TJ Acena

 

‘An Octoroon’: a punch and a gasp

Review: Whiteface, blackface, redface, a slap in the face: Artists Rep's season opener enters the race wars and laughs at the unlaughable

At the top of Act 4 in An Octoroon the show breaks down. Literally. Playwright Branden Jacobs-Jenkins, who has written himself into this satirical melodrama, turns to the audience and says, “So I think I fucked up.” Metatheatrical shows, especially shows where the playwright is a character, can come across as clumsy and self-indulgent. But Artist’s Repertory Theatre’s production completely embraces the Jacobs-Jenkins script, starting off the company’s season with a smart show that packs a lot of punch.

An Octoroon is a satire of the classic 19th century show The Octoroon, written in 1859 by Dion Boucicault, and follows the original plot closely. Boucicault’s script follows star-crossed lovers George and Zoe in the antebellum South. Zoe is one-eighth black, and so their love can never be. At the time of its production The Octoroon provoked a national discussion around slavery. But unless you’ve studied theater you’ve probably never heard of it, because there is no way a company could get away with producing this show today. The plot is overly contrived.

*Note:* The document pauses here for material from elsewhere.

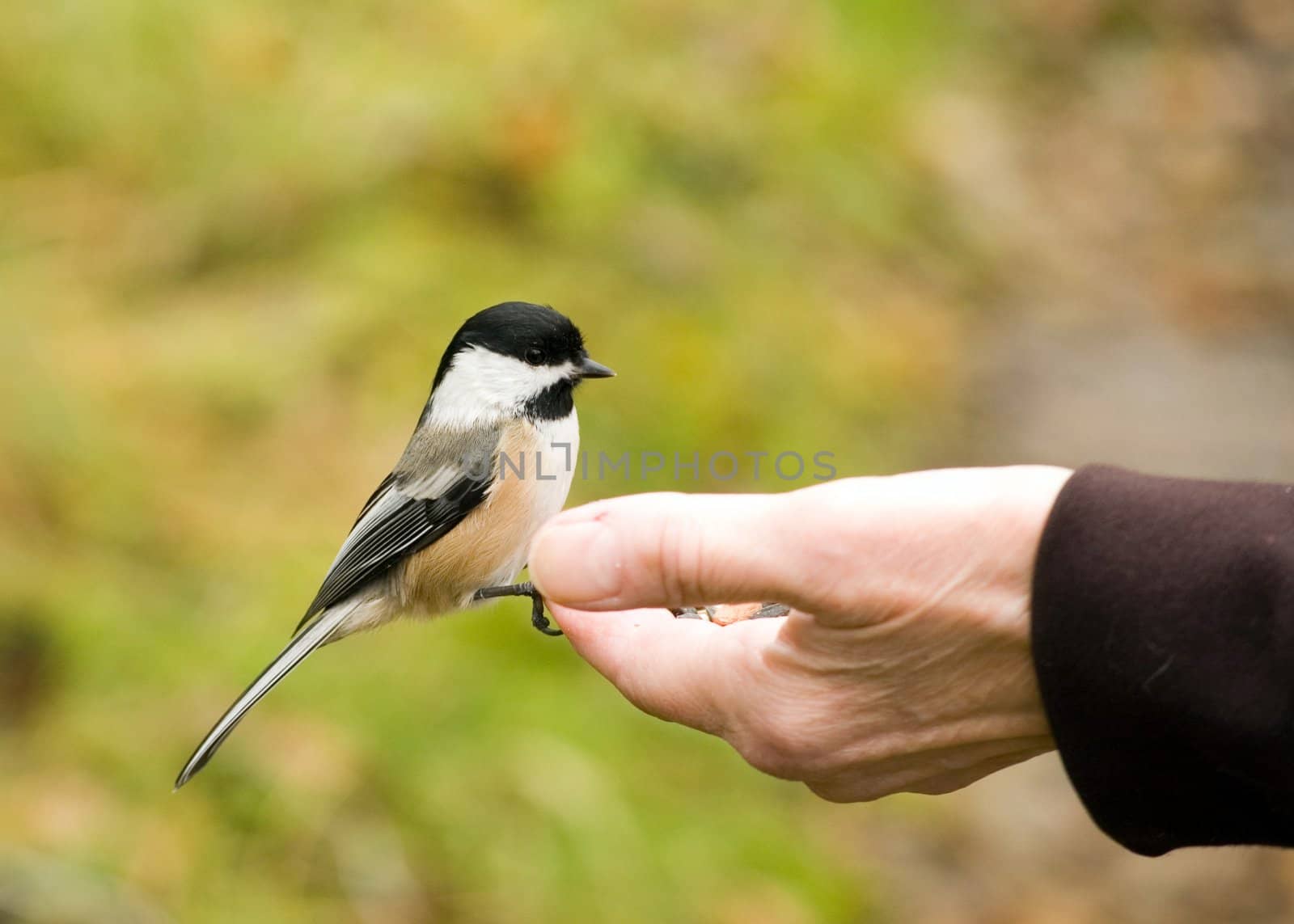 A Chickadee perched on a woman's hand eating bird seed.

Zoe is the classic “tragic woman of color” who has no future because a white artist cannot imagine a future for her, and George is a “benevolent slaveholder.”

Joseph Gibson, in whiteface, lamenting cruel fate as a “benevolent” slaveowner in love with a octoroon (Alex Ramirez de Cruz, background). Photo: Russell J Young

It’s a story prime for satire.

Also, no one who owned slaves was benevolent.